Thomas Vintergberg's film is a bold, ambitious and completely honorable film that focuses on the dangers of isolating ourselves too much from each other. The talented writer and director is really wearing his heart on his sleeve with this work and I suspect he knew that he was going to be ridiculed for it. As I sit here alone in my own little world writing this for other people to read probably alone in their own, I am struck by how relevant Vinterberg's message of not forgetting how important human contact is. I am going to shut off the computer after I write this and go out with a friend and enjoy the day amidst other people.
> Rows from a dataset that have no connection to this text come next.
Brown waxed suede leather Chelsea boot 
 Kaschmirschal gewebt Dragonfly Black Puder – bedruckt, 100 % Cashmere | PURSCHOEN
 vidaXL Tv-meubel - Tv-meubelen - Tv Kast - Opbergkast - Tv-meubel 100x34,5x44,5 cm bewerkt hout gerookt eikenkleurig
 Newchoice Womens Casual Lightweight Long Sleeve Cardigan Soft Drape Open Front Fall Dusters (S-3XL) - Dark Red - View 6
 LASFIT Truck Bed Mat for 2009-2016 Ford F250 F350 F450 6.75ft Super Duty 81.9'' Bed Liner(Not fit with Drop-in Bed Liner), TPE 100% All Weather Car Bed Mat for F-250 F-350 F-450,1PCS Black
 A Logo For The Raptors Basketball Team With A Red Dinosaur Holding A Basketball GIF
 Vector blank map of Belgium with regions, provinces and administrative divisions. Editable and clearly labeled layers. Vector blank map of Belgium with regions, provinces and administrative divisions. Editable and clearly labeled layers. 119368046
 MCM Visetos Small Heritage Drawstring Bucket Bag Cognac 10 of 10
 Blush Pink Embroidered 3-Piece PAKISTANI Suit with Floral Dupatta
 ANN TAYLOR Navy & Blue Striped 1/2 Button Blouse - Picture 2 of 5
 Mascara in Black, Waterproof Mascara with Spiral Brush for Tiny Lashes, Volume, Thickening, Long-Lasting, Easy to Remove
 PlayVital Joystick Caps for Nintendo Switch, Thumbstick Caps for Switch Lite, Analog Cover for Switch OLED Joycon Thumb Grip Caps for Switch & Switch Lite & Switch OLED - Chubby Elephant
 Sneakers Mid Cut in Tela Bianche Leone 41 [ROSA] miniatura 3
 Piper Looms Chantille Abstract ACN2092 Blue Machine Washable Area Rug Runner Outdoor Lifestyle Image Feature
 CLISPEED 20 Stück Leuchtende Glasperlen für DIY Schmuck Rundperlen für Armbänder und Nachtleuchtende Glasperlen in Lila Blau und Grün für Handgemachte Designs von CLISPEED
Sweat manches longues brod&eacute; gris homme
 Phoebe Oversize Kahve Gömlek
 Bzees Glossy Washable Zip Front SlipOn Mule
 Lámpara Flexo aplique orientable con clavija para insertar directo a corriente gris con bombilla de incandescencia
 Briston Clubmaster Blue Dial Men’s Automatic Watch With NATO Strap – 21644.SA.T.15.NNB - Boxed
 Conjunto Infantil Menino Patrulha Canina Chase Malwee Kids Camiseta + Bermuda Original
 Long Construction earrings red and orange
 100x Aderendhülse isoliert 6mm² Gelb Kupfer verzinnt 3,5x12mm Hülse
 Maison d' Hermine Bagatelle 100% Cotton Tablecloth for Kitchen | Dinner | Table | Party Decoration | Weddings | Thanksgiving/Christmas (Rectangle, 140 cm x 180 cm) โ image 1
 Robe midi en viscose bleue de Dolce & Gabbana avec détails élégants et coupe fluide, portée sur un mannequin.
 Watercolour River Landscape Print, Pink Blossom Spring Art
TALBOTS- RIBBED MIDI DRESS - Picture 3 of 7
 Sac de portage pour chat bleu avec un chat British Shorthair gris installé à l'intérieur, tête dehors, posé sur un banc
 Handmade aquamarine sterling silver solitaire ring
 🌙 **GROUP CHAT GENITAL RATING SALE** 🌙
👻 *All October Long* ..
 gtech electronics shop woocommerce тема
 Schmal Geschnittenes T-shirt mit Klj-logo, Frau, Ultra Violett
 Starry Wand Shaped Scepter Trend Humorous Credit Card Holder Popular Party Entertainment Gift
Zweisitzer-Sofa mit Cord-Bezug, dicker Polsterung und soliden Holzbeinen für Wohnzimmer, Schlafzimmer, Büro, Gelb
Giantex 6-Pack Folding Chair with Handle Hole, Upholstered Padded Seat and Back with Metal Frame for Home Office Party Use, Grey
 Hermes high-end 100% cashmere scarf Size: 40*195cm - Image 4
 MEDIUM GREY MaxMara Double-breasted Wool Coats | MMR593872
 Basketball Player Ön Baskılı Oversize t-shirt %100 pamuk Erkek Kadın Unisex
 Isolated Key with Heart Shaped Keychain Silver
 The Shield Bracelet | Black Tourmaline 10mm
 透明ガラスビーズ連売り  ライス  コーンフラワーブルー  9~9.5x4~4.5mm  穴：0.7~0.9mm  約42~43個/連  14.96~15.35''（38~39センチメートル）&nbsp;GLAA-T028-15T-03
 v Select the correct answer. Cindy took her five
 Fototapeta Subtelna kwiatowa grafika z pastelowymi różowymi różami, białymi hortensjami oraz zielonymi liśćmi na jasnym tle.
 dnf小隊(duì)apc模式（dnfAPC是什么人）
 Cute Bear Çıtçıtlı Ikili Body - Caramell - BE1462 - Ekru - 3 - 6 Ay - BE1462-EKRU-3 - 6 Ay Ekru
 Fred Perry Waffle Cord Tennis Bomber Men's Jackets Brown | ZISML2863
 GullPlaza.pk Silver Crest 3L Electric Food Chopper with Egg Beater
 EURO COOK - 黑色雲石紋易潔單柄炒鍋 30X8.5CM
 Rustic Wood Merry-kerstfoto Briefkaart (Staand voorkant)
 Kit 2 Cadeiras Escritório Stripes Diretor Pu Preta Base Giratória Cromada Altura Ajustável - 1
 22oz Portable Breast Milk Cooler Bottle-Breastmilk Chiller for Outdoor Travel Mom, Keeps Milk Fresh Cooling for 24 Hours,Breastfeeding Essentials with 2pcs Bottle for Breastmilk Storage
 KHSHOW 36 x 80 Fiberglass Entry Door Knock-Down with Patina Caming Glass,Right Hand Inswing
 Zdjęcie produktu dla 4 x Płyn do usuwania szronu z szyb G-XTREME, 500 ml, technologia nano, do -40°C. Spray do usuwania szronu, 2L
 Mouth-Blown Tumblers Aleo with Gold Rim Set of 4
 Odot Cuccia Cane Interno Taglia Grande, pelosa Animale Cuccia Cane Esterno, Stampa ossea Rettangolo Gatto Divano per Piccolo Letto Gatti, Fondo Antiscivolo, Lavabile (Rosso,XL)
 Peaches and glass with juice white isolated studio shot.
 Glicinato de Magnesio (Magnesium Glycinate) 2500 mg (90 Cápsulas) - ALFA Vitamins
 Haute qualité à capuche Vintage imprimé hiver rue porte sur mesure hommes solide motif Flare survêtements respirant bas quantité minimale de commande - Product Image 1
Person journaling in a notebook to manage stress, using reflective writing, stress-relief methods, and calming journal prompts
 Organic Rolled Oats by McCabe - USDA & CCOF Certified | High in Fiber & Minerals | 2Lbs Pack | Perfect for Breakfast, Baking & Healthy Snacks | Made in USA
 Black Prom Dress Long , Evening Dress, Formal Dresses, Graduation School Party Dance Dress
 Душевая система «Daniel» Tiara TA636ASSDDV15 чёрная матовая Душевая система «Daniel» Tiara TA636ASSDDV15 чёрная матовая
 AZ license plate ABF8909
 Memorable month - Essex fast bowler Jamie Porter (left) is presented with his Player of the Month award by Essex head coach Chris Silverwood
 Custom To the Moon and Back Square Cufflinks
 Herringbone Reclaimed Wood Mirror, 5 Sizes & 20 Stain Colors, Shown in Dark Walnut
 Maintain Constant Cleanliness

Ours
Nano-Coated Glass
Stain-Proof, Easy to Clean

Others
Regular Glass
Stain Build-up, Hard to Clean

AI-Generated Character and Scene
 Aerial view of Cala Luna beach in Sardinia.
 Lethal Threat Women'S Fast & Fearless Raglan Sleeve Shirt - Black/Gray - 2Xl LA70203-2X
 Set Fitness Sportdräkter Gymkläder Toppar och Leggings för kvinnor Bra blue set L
Never in history has the possibility of total self contained isolation been so possible, Thomas Vinterberg's bold film suggest what can happen if we give into it completely.

There is a moment towards the very end of this film where Sean Penn's character Marciello, who has clearly been speaking from Vinterberg's point of view himself, says simply that, after finishing a report on the state of the world, he has decided that, "It's all about love and that's the way it should be." Vinterberg isn't just giving his film a title here. He is saying something so obviously true and important, and apparently something that modern day film audiences don't want to accept. Watching these final few moments of the film gives me the same feeling that Rutger Hauer's famous last speech in BLADE RUNNER gave me. It is one of the most effective and moving last few lines of dialogue that I have ever heard...and I will be eternally baffled how anyone could have booed a film so well meaning and extraordinarily rendered.
IT'S ALL ABOUT LOVE is available on Region one dvd in a bare bones presentation featuring artwork that attempts to make it look like an action film. It remains one of the most ambitious and timely films of the decade to me and one of the most visually astonishing films I have ever seen. See it for yourself and make up your own mind about its merits, chances are you will either hate it or be moved completely by it.
I suspect the dvd will soon slip out of print and this film will probably disappear much like the 'tears in rain' that Hauer spoke of at the end of BLADE RUNNER. I honestly believe though that this strange and wondrous film will eventually find its audience. It might be in ten years or maybe twenty and it might be a small audience but I suspect we will be extremely loyal to it. Lost or found, seen or unseen...Thomas Vinterberg's film will remain perhaps frozen in time as a work of art that lets us know that it is, indeed, all about love. I can't imagine a more truthful and important statement for our increasingly cold and shut off world...it is not an idea or film that Vinterberg should ever apologize for.